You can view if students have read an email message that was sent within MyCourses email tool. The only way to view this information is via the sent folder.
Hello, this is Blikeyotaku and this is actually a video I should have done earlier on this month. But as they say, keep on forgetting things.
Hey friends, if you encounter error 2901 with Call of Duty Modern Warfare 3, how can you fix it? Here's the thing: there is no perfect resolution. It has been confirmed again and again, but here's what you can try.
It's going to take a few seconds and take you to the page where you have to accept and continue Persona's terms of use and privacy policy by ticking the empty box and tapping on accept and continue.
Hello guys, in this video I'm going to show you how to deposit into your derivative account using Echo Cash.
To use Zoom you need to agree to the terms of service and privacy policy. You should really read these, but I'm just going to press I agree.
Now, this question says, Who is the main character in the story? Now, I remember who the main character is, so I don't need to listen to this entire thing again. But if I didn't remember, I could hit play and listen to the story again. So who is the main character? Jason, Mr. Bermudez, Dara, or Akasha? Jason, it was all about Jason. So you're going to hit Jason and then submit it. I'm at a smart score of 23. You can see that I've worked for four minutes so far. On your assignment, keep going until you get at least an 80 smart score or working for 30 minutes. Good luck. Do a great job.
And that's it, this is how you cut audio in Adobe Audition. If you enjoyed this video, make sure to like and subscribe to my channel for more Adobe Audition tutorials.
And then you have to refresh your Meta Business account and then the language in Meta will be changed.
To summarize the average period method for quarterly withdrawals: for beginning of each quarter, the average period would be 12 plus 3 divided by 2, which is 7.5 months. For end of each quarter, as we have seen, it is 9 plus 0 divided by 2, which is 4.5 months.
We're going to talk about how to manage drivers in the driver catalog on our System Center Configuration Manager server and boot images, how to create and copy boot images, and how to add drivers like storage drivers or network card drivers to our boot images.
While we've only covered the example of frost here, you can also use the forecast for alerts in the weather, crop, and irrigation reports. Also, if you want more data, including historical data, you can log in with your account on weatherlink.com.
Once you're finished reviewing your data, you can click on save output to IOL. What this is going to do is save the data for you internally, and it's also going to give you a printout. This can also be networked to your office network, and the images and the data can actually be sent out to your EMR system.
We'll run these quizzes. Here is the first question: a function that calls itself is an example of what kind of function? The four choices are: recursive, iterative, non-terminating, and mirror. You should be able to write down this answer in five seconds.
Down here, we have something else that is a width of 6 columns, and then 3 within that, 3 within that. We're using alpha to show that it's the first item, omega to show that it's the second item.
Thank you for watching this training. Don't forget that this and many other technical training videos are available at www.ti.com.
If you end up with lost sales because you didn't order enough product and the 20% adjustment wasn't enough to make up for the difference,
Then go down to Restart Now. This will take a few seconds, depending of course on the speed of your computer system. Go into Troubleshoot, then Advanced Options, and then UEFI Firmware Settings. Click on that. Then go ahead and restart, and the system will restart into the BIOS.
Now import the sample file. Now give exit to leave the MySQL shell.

····················

→ EXERCISE GOAL:
Check each line of the entries for the string "will". Copy the lines that have it.

→ RESPONSE:
And then you have to refresh your Meta Business account and then the language in Meta will be changed.
Then go down to Restart Now. This will take a few seconds, depending of course on the speed of your computer system. Go into Troubleshoot, then Advanced Options, and then UEFI Firmware Settings. Click on that. Then go ahead and restart, and the system will restart into the BIOS.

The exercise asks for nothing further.